*** Opening Given records ***

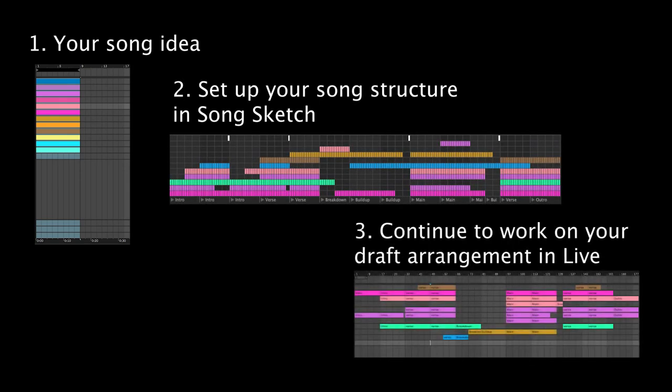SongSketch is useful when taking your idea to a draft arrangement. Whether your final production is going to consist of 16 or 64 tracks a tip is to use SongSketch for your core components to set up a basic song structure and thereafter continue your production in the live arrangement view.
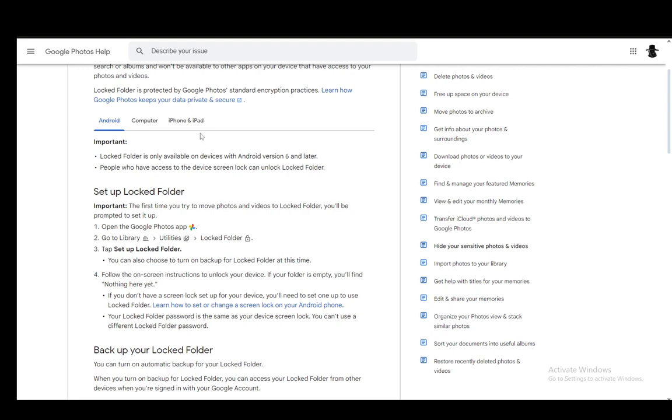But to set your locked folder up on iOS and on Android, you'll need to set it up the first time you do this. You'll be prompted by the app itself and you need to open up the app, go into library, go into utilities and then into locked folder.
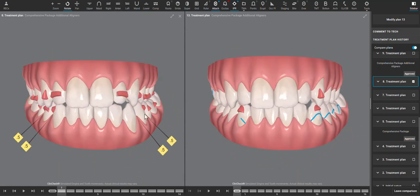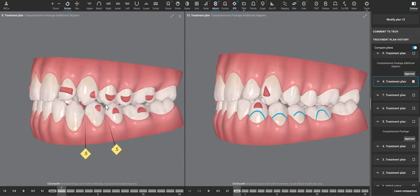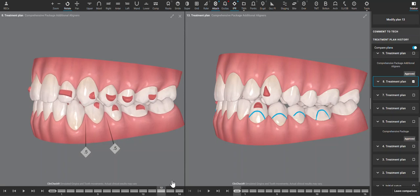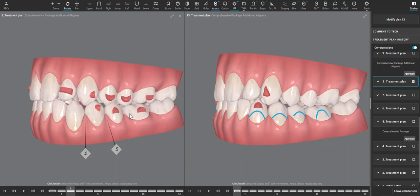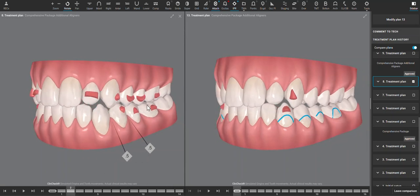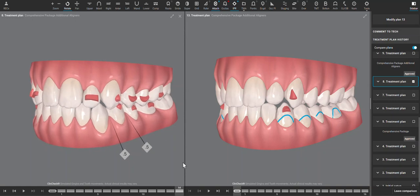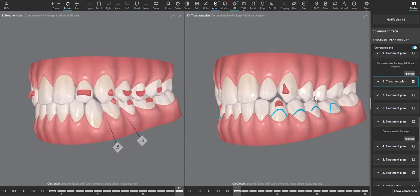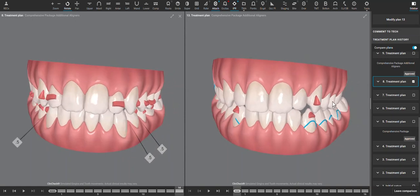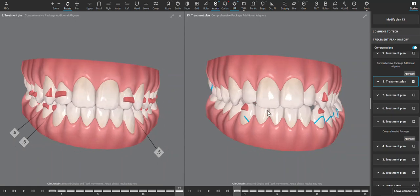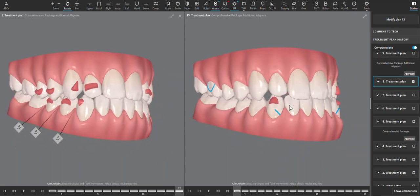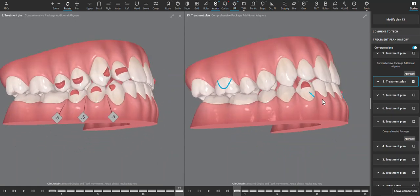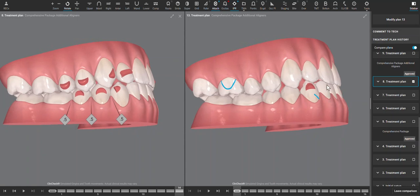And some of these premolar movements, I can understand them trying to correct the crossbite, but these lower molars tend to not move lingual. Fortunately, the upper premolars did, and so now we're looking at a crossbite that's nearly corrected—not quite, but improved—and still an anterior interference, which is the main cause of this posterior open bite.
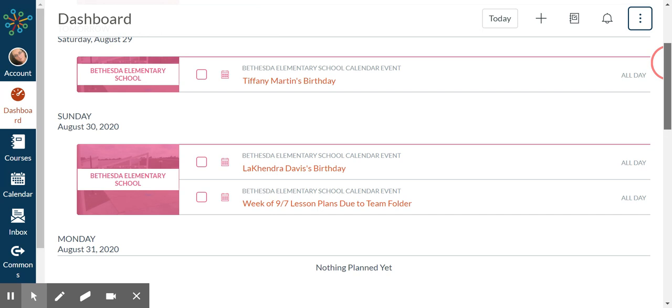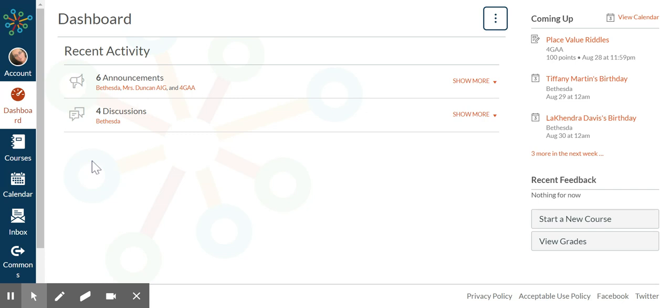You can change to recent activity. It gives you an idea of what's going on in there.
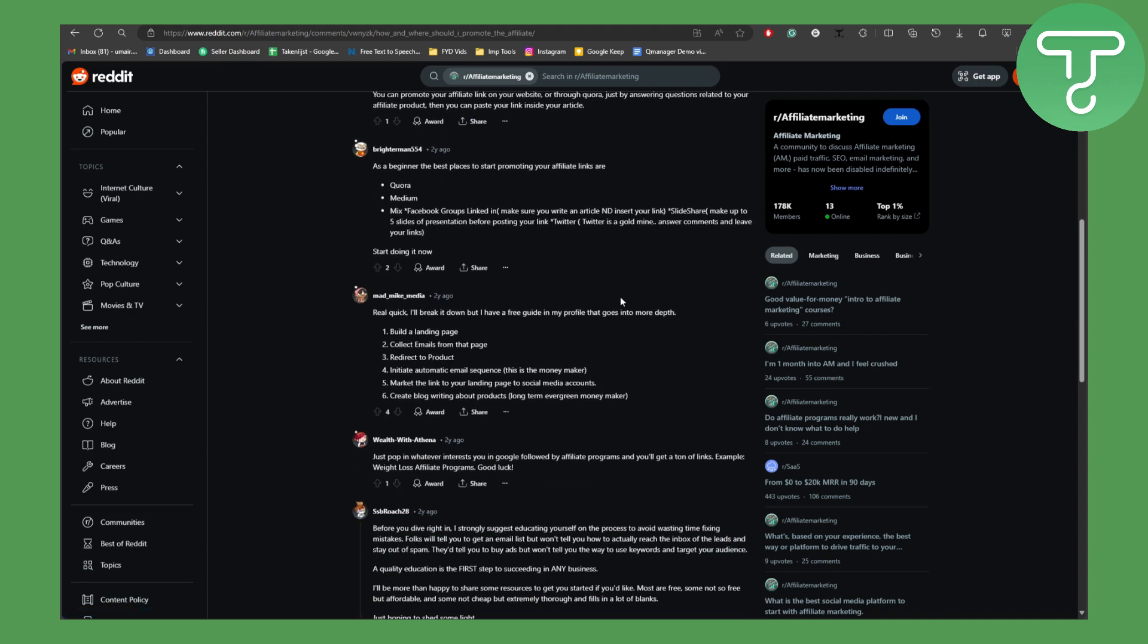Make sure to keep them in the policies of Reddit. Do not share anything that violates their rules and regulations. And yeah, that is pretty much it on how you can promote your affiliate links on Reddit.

*** Closing Given records ***
*** Opening Given records ***

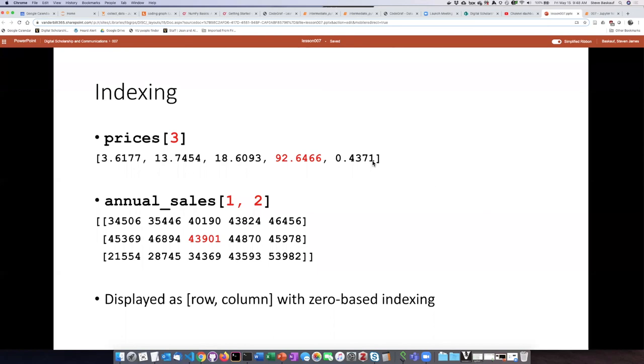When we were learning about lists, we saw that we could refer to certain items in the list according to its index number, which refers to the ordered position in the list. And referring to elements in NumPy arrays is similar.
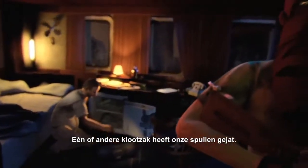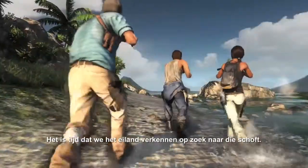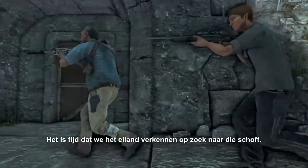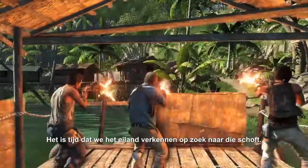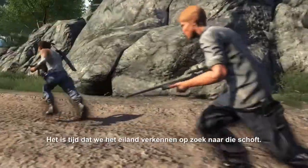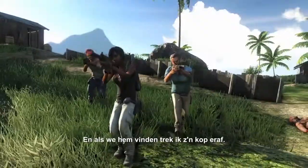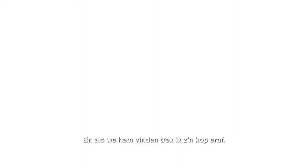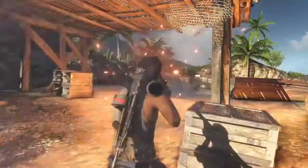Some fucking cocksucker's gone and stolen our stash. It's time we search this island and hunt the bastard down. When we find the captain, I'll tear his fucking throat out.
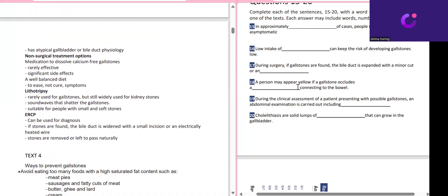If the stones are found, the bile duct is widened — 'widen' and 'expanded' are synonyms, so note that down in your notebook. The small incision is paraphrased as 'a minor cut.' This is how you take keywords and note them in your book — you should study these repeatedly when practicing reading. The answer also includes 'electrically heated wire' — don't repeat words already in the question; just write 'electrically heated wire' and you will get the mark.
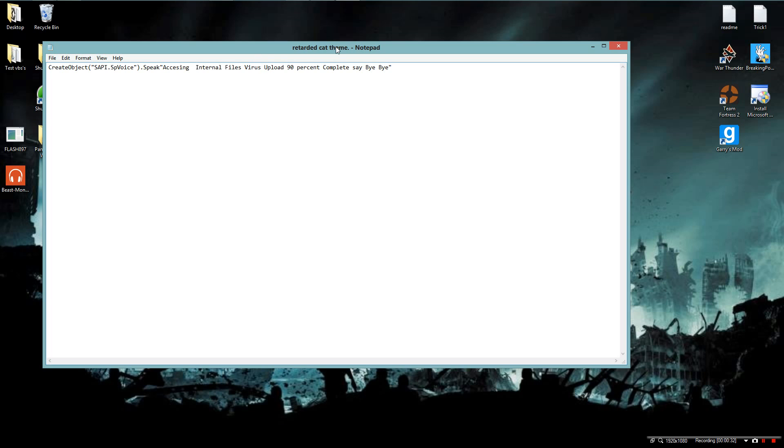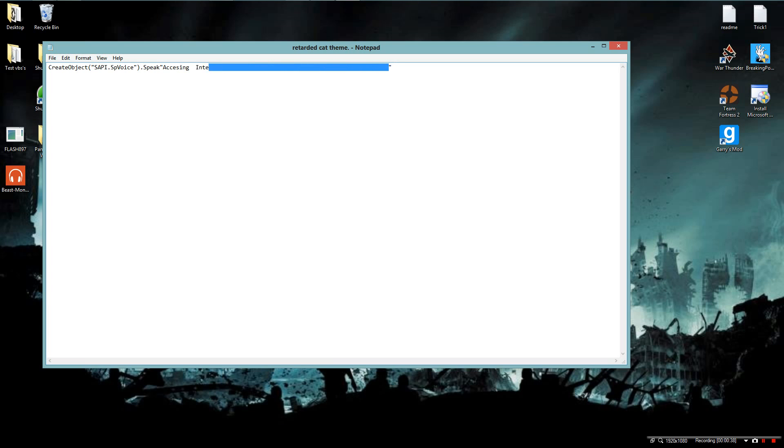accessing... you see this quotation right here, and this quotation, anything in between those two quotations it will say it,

*** Closing Given records ***

_Task to carry out:_ Without the pictures, give again exactly the lines above starting at the line containing "SongSketch is useful" and ending at the line containing "But to set your".

_Task answer:_
SongSketch is useful when taking your idea to a draft arrangement. Whether your final production is going to consist of 16 or 64 tracks a tip is to use SongSketch for your core components to set up a basic song structure and thereafter continue your production in the live arrangement view.
But to set your locked folder up on iOS and on Android, you'll need to set it up the first time you do this. You'll be prompted by the app itself and you need to open up the app, go into library, go into utilities and then into locked folder.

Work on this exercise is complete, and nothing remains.